Meanwhile, BPC (paid to poor, elderly or disabled people), salary bonuses and unemployment insurance accounted for 7.8% of primary spending last year, or R$166 billion.

Tebet is also considering proposing to incorporate Fundeb – the basic education fund – into the education spending floor, another measure that would save resources.

According to the Constitution, the government must spend at least 18% of its net tax revenue in this area. Other than that, you have to supply Fundeb. Until 2020, the Union participated with 10% of the fund, and the remaining 90% came from state and municipal taxes. But a constitutional amendment approved that year determined the gradual increase in the federal share, which rose to 12% in 2021, is now 19% and will reach 23% in 2026.

The amendment boosted government spending with Fundeb. Between 2020 and 2023, they jumped from R$15 billion to R$37 billion. In these three years, its share of the budget pie more than doubled, going from 0.8% to 1.8% of primary expenses.

Therefore, Tebet’s agenda seeks to modify the formula for correcting expenses that correspond to more than half of the Budget. According to the 2024 Budget Guidelines Law (LDO), each R$1 increase in the minimum wage increases government expenses by R$389 million.

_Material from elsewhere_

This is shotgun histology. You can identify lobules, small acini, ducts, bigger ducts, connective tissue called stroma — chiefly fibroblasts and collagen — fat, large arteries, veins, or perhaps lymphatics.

In other words: in addition to increasing disbursements by private sector employers, the minimum adjustments also have a strong impact on the government’s own expenses.

Ending the link, however, would be a most unpopular initiative. Before going through Congress’s analysis, it would have to overcome the scrutiny of President Luiz Inácio Lula da Silva himself and his party, the PT, which have always been advocates of increasing social spending.

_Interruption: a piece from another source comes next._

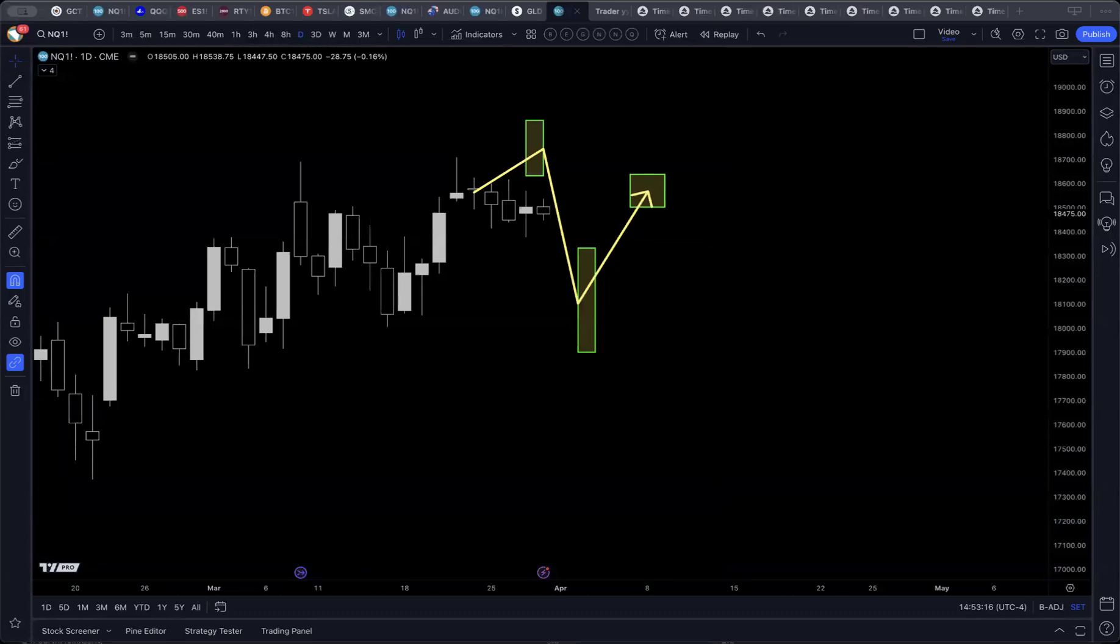Hey there, it's Blair here at Time Trades. Thanks for joining me this weekend. Today is Easter Sunday, March 31st, 2024, and this is your weekly analysis video.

Gleisi says Tebet’s ideas are “very bad”

The disclosure of the Planning Minister’s plans provoked an immediate reaction from the national president of the PT, deputy Gleisi Hoffmann (PR). She said that “these are very bad ideas, which contradict the government program elected in 2022”.

“If adopted, they would directly harm millions of retirees and public school students, the population that needs to be protected by State action, actions guaranteed in our Constitution”, wrote Gleisi on the social network X.

Tebet highlighted, in the interview, that his proposals will still go through Minister Fernando Haddad, of Finance, and that the person who will be able to take them to President Lula is the Budget Execution Board, which brings together authorities from the government’s economic area.

Haddad did not make a public statement defending or refuting Tebet’s proposals. But, last week, the minister shared an article by an economist who, among other measures, recommended precisely the decoupling of the minimum wage and benefits. “I recommend this article by Bráulio Borges, an economist at FGV, about the recent dynamics of public accounts”, wrote Haddad in X, without further comment.

Paulo Guedes defended decoupling

Such decoupling is not a new idea: most public accounts experts have said for years that it is essential to stop the escalation of government spending and guarantee the sustainability of any fiscal regime. It was part, for example, of the famous “DDD” agenda – unlink, deindex, release – of Paulo Guedes, Jair Bolsonaro’s (PL) Economy Minister.

Guedes did not formally propose the separation. But he managed to avoid real increases in benefits in another way: by abandoning the policy of real minimum wage increases inherited from previous administrations. During much of the Bolsonaro administration, the salary floor was adjusted only for inflation – which automatically limited the expansion of spending on Social Security, bonuses, unemployment insurance and BPC.

The policy of real gains, adopted in the first PT governments, has now been resumed under the Lula 3 administration. Every January, the minimum wage receives, in addition to the pass-through of the previous year’s inflation, a real adjustment equivalent to the growth of the Gross Domestic Product (GDP) from two years before.

Although it stimulates consumption and economic growth, this practice accelerates some of the government’s main spending beyond that allowed by the fiscal framework approved in 2023.

The new regime determines that the Union’s total expenses must have real growth of between 0.6% and 2.5% per year. This means that, whenever the minimum wage has a real gain above 2.5%, all benefits linked to it will grow beyond the framework limit. This year, for example, the salary floor rose 3% above inflation.

This mismatch compresses other expenses, such as investments, forcing the government to limit them – or to review fiscal targets, as it did in April, just seven months after the framework was sanctioned.